A new study by University of Miami (UM) Rosenstiel School of Marine and Atmospheric Science researchers found that the Indian Ocean’s Agulhas Current is getting wider rather than strengthening. The findings, which have important implications for global climate change, suggest that intensifying winds in the region may be increasing the turbulence of the current, rather than increasing its flow rate.
Using measurements collected during three scientific cruises to the Agulhas Current, the Indian Ocean’s version of the Gulf Stream, researchers estimated the long-term transport of the current leveraging 22 years of satellite data. They found the Agulhas Current has broadened, not strengthened, since the early 1990s, due to more turbulence from increased eddying and meandering.
One of the strongest currents in the world, the Agulhas Current flows along the east coast of South Africa, transporting warm, salty water away from the tropics toward the poles.

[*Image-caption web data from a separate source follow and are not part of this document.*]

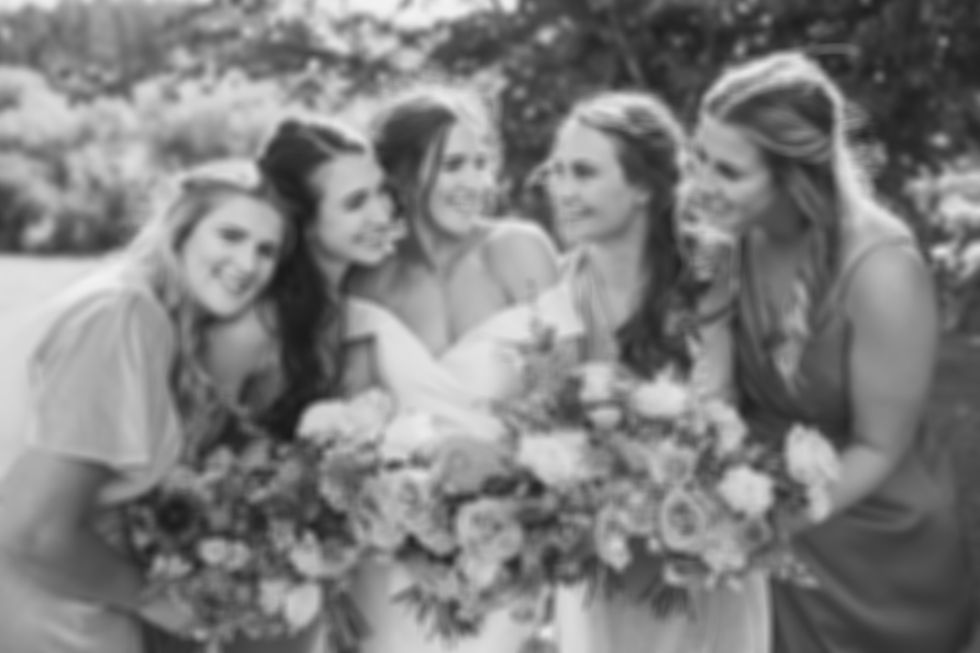Bridemaid are smilling
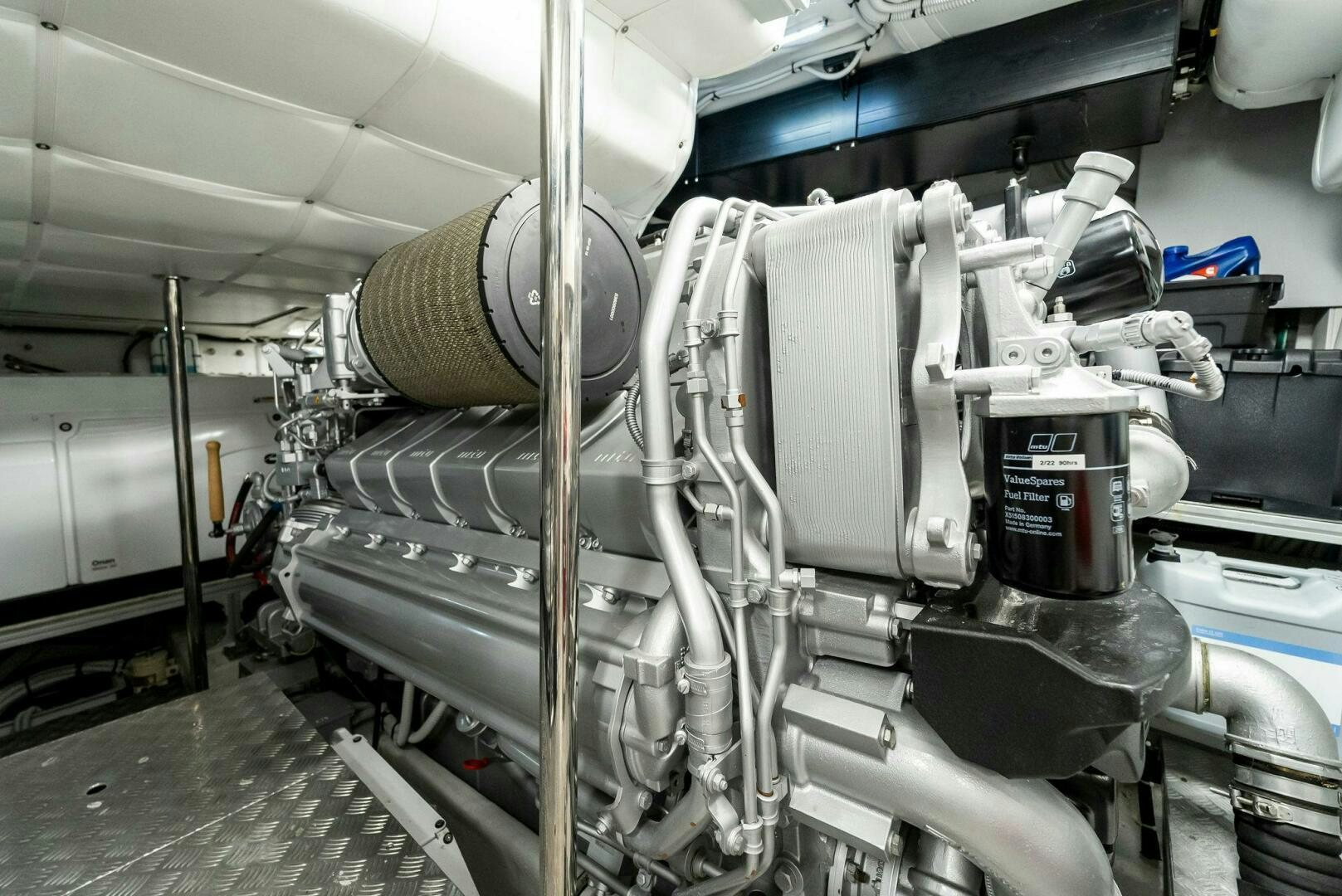 a large machine in a factory aboard G Yacht for Sale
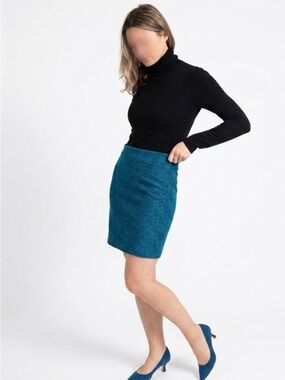 Proenza Schouler | Teal Tweed Pencil Skirt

The Agulhas, which is hundreds of kilometers long and over 2,000-meters deep, transports large amounts of ocean heat and is considered to have an influence not only on the regional climate of Africa, but on global climate as part of the ocean’s global overturning circulation.

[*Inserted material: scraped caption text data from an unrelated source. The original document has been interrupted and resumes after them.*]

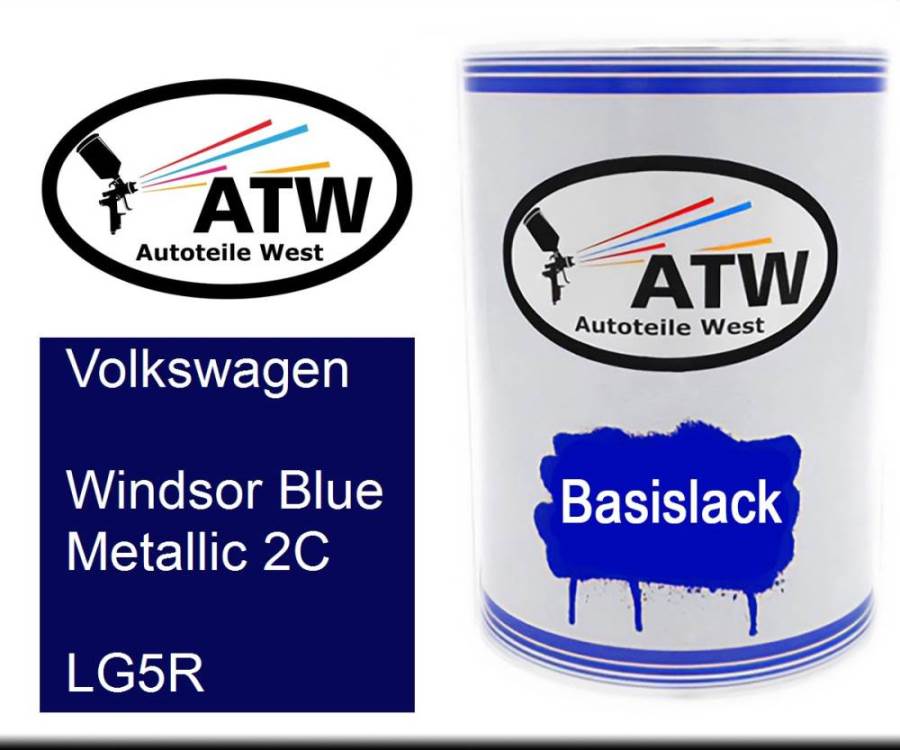 Volkswagen, Windsor Blue Metallic 2C, LG5R: 500ml Lackdose, von ATW Autoteile West.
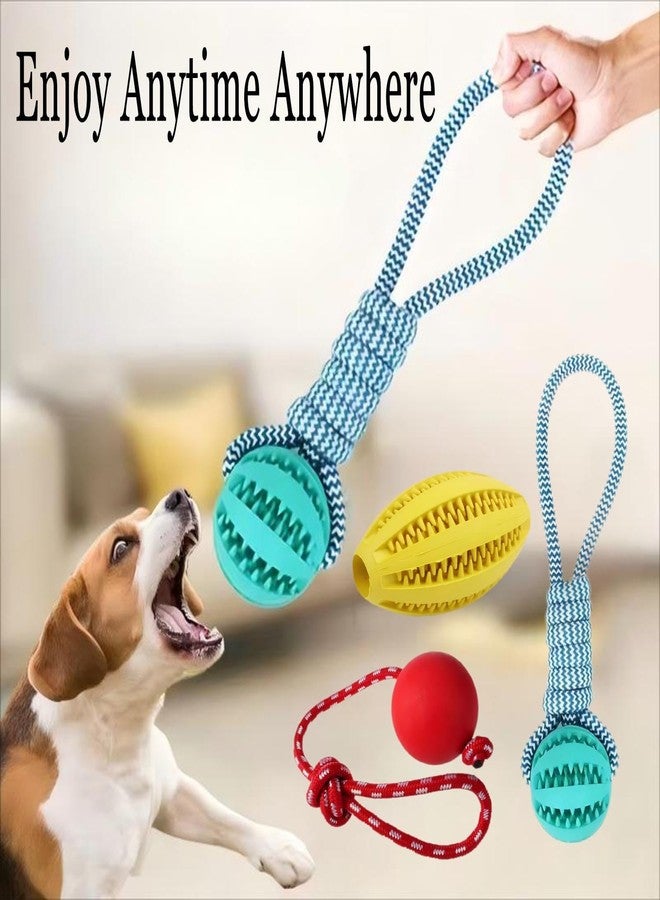 Novique 3 Pack Heavy Duty Dog Rope Toys for Breed Aggressive Chewers, Treat Balls and Dog Squeaky Toy for Puppies & Small Dogs - Image 2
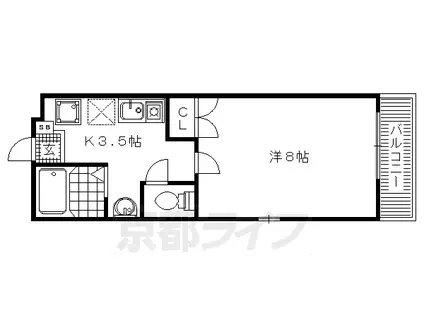 京福北野線 龍安寺駅 徒歩5分 2階建 築22年(1K/2階)の間取り写真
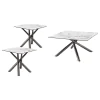 Coaster Fine Furniture 708138-S3 Carvell - 3 Piece Square Coffee And End Table Set - Mirage White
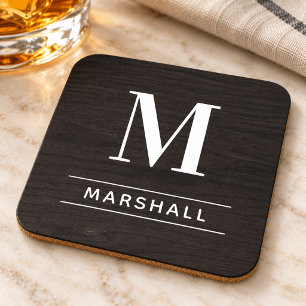 Posavasos Monograma de nombre serif de madera de carbón rúst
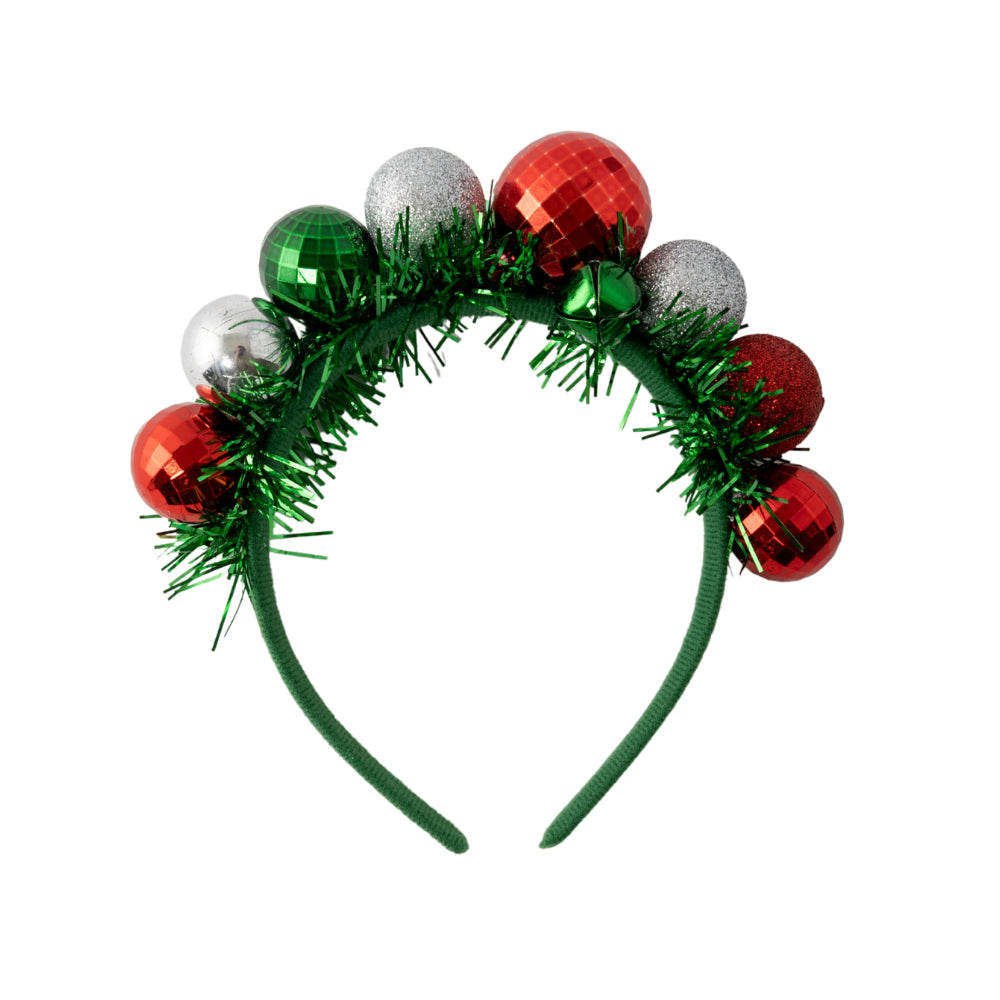 Christmas Novelty Headband -Green Bauble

“Changes in western boundary currents could exacerbate or mitigate future climate change,” said Lisa Beal, a UM Rosenstiel School professor of ocean sciences and lead author of the study. “Currently, western boundary current regions are warming at three times the rate of the rest of the world ocean and our research suggests this may be related to a broadening of these current systems.”
Previous studies have suggested that accelerated warming rates observed over western boundary current regions, together with ongoing strengthening and expansion of the global wind systems predicted by climate models relate to an intensification and pole-ward shift of western boundary currents as a result of man-made climate change.

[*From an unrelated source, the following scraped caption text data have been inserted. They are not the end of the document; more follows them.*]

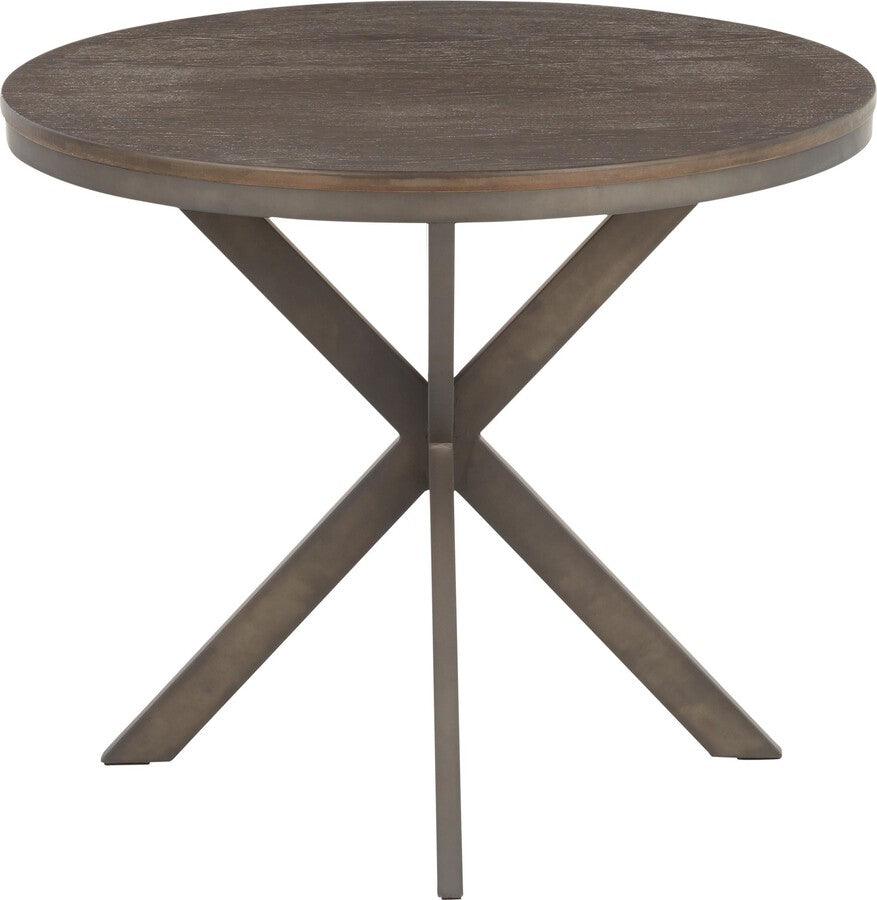 Lumisource Dining Tables - X Pedestal Industrial Dinette Table with Antique Metal and Espresso Bamboo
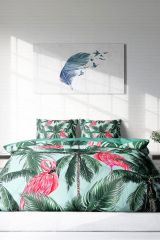 Çift Kişilik Nevresim Seti Sık Dokuma Pamuk Saten 3d Özel Tasarım Flamingo Iı (çarşafsızdır)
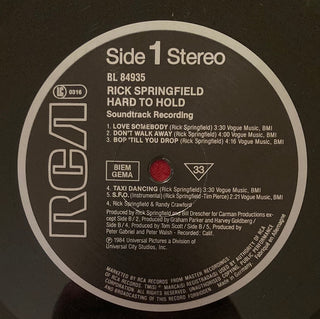 Rick Springfield - Hard to Hold - Soundtrack LP mit OIS (VG) - schallplattenparadis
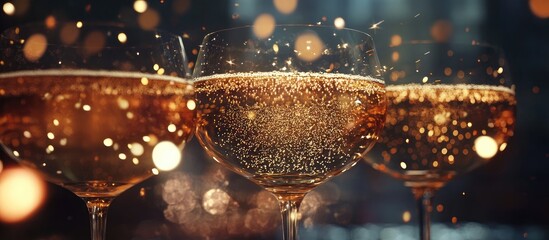 Detailed title featuring sparkling champagne in elegant coupe glasses with golden bubbles, arranged from left to right, in a vibrant festive setting.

“To find decades of broadening, rather than intensification, profoundly impacts our understanding of the Agulhas Current and its future role in climate change,” said study co-author Shane Elipot, a UM Rosenstiel School associate scientist. “Increased eddying and meandering could act to decrease poleward heat transport, while increasing coastal upwelling and the exchange of pollutants and larvae across the current from the coast to the open ocean.”